When an Islamic political party swept to power in Malaysia's rural Kelantan state in 1990, its leaders created a model of strict fundamentalist rule that seemed out of sync in the progressive, Muslim-majority nation.
The state's largely conservative populace embraced the Pan-Malaysian Islamic Party (PAS) as a harbinger of morality and pious governance. But 17 years later, the party's grip on power has become tenuous amid glacial economic development and heavy reliance on religion for votes.
This has offered the best chance yet for Prime Minister Abdullah Ahmad Badawi's National Front secular coalition to wrest control of the only Malaysian state ruled by the opposition. Elections are widely expected before early 2008.

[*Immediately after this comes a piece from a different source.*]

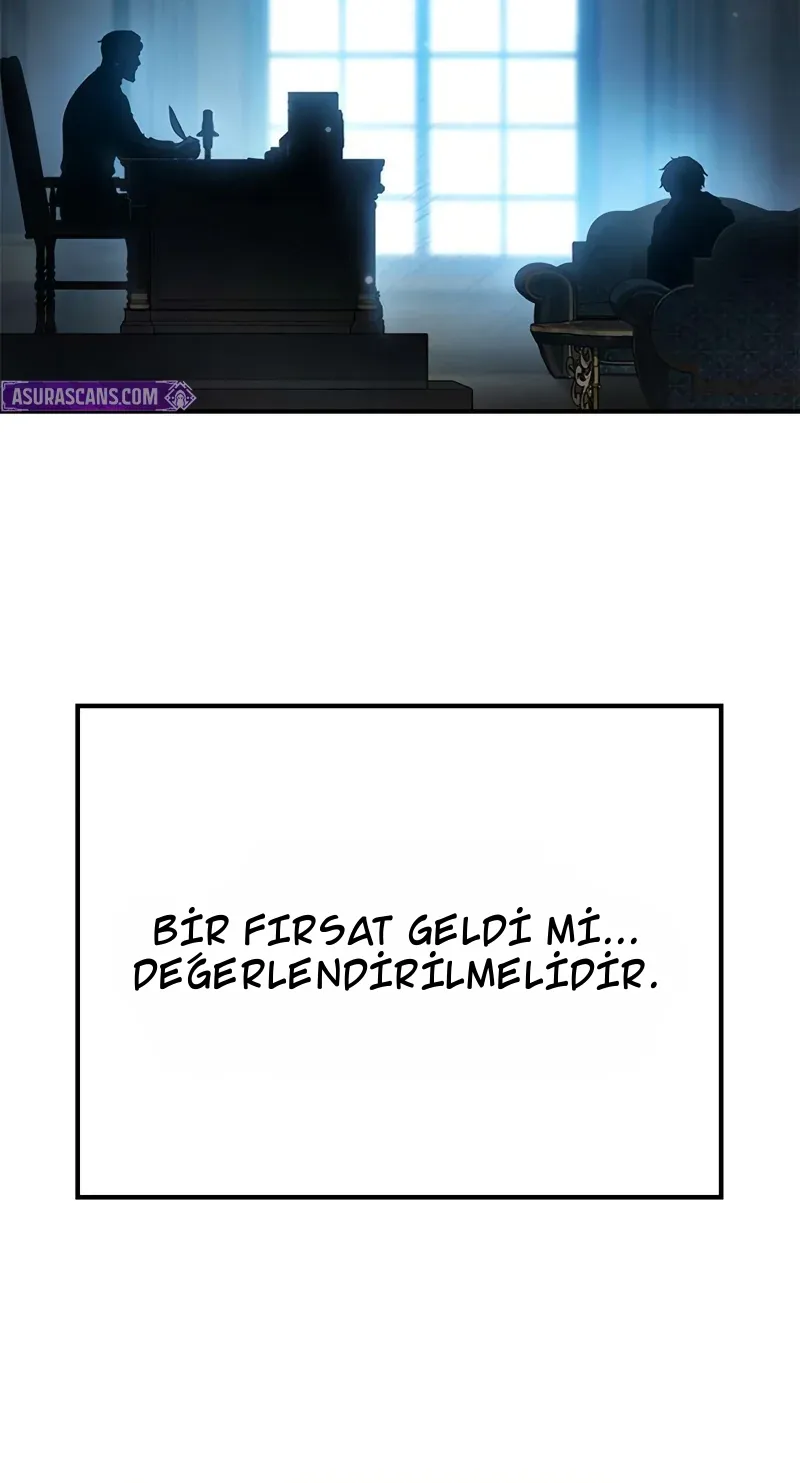 TrendManga Türkçe manga oku noble-lady-reformation-guide bölüm 9 sayfa 101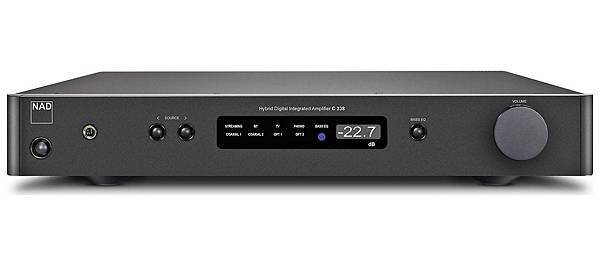 nad-c-338-hybrid-digital-integrated-amplifier-featured.jpg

"Kelantan is the last bastion of our Islamic administration," said party official Osman Mustapha, one of many delegates who voiced anxiety about the party's future during its annual congress earlier this month. "If our enemies seize this state, there will be nothing left, no hope for us. All our members will be heartbroken."
An election loss for the Islamic party would also be a blow to other conservative Islamic movements in Asia, which see the party as a bulwark against Western influence over Islamic societies.
The party's ebbing popularity is evidence that the Kelantanese may have had enough of religious rhetoric, some political observers say.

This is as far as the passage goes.